Church of England canons set out detailed instructions on the vestments clergy should wear while conducting services but say little about how they should dress in day-to-day ministry, other than that it should be something recognizable as a mark or sign of his (or her) “holy calling”.
That is almost universally interpreted by the wearing of clerical shirts and dog collars.
Stevens cites the fact that up until Collared, female members of the clergy were left to made due with the male version of a clerical shirt, which often left them feeling like a “man in drag.”
The line has already garnered national attention, and has a few high-profile fans. One of the first customers at the EcCel exhibition center, where the line recently made its debut, was the Rev Kate bottle, a young minister who also is one of the stars of the UK reality television program Gogglebox.
According to The Telegraph, the line is meant to be worn as “round the parish wear”, and in addition to being stylish, also puts comfort as a top priority. the collection is made up of simply-designed pieces, many which boast an almost mod, 60’s-like vibe with 3/4 sleeves, tunic styling, and even some geometric prints in the mix. The designers have lovingly dubbed their new line”clergy couture”, and by all accounts, it seems to reflect the modern lifestyle of today’s female members of the clergy. Mrs. Sykes explained to The Telegraph:
I do a lot of out-of-church ministry, I take services in the pub and at the beer festival. Women pushed the boundaries to start with and now the clothing needs to be pushed back to embrace the fact that women are in ministry too.
And the modern ethos doesn’t just end with the feminist twist on traditional clergy wear.
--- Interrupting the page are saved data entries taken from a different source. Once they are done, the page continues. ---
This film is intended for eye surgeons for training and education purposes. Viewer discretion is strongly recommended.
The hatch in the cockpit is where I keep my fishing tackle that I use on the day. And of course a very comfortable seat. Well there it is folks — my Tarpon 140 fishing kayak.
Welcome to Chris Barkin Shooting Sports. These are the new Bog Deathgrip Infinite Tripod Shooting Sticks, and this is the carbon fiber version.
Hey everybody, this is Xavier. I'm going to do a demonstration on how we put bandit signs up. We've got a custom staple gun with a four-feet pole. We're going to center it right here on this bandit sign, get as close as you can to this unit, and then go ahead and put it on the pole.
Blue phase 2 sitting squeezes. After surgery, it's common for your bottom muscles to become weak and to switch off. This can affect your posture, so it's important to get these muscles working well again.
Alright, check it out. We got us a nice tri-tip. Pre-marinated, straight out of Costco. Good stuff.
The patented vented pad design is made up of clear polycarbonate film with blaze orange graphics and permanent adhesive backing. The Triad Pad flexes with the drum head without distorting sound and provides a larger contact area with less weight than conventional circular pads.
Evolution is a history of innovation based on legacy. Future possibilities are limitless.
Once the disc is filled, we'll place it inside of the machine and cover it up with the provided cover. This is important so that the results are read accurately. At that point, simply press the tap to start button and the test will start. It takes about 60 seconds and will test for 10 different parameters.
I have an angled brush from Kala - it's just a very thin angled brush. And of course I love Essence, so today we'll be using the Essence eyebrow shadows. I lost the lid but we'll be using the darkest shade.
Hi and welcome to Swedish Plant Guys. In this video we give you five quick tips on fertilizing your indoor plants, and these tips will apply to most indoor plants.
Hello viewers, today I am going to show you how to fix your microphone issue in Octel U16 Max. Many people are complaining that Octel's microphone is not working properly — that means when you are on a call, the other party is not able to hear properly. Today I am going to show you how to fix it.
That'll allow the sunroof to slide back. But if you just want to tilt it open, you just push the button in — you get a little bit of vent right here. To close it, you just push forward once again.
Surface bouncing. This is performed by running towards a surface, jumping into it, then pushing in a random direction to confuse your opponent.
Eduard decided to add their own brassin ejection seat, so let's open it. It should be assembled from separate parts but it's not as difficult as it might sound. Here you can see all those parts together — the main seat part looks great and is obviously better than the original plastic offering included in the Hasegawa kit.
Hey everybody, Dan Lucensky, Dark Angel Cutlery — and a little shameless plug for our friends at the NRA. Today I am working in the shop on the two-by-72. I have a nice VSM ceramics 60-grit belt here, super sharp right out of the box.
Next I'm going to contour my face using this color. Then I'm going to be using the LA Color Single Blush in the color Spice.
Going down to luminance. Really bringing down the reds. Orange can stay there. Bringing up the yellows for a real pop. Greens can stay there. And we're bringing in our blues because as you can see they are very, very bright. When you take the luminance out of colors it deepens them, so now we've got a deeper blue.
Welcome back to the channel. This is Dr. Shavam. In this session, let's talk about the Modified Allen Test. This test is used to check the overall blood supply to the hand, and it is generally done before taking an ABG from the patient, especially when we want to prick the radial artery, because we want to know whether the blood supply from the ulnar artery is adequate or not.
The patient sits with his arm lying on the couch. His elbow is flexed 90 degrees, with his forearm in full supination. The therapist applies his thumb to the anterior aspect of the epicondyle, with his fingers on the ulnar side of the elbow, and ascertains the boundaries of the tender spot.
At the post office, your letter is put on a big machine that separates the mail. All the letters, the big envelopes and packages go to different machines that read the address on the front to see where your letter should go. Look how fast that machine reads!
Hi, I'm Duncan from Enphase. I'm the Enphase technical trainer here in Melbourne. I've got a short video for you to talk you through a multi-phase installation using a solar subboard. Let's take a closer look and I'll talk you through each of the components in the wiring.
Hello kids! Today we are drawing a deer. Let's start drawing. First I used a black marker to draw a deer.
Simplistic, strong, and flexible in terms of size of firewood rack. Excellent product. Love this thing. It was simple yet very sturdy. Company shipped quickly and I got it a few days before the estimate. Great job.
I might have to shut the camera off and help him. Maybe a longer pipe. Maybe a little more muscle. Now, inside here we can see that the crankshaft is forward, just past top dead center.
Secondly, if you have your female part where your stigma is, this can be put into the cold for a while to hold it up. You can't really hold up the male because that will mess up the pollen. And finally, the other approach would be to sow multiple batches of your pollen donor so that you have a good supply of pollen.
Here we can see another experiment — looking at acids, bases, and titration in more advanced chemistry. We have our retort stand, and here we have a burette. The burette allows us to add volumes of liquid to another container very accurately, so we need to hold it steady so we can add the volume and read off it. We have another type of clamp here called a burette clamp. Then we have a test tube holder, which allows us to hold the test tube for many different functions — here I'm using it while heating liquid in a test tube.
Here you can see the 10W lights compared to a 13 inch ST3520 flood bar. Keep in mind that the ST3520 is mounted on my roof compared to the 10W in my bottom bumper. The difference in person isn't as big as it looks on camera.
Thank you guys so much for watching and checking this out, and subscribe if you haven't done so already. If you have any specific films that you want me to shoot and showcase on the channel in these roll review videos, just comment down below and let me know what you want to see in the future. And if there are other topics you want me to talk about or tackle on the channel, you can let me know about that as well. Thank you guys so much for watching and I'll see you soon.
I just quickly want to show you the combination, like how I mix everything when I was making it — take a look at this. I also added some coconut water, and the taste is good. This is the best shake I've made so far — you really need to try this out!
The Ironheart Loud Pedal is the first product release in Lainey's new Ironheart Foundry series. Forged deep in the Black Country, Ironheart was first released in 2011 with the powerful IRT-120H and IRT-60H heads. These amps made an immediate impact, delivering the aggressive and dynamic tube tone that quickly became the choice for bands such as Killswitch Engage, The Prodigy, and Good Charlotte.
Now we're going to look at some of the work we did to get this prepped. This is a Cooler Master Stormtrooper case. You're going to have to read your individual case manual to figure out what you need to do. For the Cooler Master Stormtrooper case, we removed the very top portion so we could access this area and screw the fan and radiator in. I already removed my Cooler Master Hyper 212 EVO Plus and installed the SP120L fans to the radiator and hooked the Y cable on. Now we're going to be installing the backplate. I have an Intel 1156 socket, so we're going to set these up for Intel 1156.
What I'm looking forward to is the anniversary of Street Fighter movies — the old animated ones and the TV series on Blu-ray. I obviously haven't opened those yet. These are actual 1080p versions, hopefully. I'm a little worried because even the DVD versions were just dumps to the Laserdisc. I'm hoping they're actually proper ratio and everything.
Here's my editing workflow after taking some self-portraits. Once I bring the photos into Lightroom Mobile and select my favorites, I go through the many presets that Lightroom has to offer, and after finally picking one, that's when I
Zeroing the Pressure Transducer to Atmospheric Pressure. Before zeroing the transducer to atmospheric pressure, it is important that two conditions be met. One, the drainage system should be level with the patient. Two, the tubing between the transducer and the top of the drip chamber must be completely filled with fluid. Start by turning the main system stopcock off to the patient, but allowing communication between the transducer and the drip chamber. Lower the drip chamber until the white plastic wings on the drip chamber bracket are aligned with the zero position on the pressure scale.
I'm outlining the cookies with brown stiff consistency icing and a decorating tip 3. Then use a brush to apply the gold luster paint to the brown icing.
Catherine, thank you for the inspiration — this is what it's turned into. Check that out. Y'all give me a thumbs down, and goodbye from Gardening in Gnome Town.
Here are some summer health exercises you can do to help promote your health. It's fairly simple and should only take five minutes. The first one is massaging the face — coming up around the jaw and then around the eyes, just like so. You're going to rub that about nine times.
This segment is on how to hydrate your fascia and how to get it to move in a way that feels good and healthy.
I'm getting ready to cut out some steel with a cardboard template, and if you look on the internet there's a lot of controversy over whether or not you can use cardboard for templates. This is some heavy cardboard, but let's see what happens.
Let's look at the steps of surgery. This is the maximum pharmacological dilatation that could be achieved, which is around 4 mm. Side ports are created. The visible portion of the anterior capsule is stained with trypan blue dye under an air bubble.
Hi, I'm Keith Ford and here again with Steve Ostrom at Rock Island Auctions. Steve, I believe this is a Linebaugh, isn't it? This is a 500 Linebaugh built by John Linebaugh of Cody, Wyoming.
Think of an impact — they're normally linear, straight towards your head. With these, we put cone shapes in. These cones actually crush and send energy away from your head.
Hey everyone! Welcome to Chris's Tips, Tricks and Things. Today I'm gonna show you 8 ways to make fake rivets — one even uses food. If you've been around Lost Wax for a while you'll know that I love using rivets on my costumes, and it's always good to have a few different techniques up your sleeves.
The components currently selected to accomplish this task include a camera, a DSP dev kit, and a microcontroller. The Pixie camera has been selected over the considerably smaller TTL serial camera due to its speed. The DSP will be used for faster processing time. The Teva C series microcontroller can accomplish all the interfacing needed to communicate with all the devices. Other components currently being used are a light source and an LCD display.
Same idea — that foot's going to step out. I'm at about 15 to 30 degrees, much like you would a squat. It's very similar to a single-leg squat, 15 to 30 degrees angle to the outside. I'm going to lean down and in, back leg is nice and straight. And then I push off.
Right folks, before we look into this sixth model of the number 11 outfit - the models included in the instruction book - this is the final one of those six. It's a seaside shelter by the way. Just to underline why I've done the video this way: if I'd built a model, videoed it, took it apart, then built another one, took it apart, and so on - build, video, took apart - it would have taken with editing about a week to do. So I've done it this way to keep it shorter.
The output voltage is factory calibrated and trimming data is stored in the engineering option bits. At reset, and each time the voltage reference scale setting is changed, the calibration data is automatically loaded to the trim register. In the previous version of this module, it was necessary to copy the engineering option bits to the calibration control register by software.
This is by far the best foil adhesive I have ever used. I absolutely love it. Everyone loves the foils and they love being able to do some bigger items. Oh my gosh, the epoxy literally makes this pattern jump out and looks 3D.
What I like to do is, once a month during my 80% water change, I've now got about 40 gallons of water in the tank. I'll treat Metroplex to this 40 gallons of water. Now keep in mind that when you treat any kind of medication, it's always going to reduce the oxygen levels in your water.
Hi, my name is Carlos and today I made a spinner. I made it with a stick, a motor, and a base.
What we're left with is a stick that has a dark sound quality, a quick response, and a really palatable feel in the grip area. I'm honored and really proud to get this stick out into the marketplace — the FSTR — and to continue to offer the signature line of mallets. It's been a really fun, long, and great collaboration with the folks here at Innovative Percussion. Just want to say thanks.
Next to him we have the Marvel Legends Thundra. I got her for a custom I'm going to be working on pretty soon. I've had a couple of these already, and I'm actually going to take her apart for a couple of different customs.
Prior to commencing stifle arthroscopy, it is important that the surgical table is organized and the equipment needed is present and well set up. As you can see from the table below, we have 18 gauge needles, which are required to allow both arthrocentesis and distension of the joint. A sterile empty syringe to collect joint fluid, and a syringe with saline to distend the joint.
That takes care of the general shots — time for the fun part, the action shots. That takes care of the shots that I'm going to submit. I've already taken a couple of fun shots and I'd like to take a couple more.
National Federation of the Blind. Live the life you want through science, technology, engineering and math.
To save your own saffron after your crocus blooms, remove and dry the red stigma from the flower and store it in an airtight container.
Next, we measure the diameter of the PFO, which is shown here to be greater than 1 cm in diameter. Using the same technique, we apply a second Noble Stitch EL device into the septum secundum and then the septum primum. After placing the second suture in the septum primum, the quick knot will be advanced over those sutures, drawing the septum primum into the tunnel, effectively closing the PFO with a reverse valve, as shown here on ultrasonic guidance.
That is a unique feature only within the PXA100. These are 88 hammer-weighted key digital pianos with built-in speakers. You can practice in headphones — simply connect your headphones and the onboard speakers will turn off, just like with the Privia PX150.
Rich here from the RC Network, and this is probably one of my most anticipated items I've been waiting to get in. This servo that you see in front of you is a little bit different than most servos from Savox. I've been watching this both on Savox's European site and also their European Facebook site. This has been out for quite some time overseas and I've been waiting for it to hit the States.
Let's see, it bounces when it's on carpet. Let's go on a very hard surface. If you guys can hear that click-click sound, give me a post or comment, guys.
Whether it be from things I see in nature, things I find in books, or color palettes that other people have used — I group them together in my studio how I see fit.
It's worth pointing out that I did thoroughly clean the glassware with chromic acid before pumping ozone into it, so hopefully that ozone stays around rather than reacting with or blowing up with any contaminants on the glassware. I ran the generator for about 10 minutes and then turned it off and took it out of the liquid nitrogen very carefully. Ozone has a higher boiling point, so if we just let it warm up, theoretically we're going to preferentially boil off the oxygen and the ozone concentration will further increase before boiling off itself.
The fabric itself of most of the garments seems to echo this sentiment of the UK clergy taking a step out of an archaic, paternalistic past and into the future.
Many of the tops are made mostly from cotton but with a small element – usually around five per cent – of Lycra. Melissa Strevens, Mandy’s daughter, laughs at the prospect of being responsible for what is almost certainly the first recorded example of clerical Lycras. “We will have to do a gym range,” she offers, only half joking. “We are already thinking about a maternity range, there is no maternity wear for the clergy at all at the moment.”
Interestingly enough, the line didn’t just go down swimmingly with the female members of the clergy; during the debut at the exhibition center, there were many enquiries from male members of the clergy as well. Mrs. Strevens told the Telegraph that the line “had lots of inquiries from make clergy too, especially the young guys. They just want something a bit more edgy.”
Personally, I think that if I were looking at a minister wearing a geometric print, a-line shift with 3/4 sleeves and a dog collar, or perhaps a skinny suit and collar in an embossed silk dupioni, I would probably spend a lot more time in church.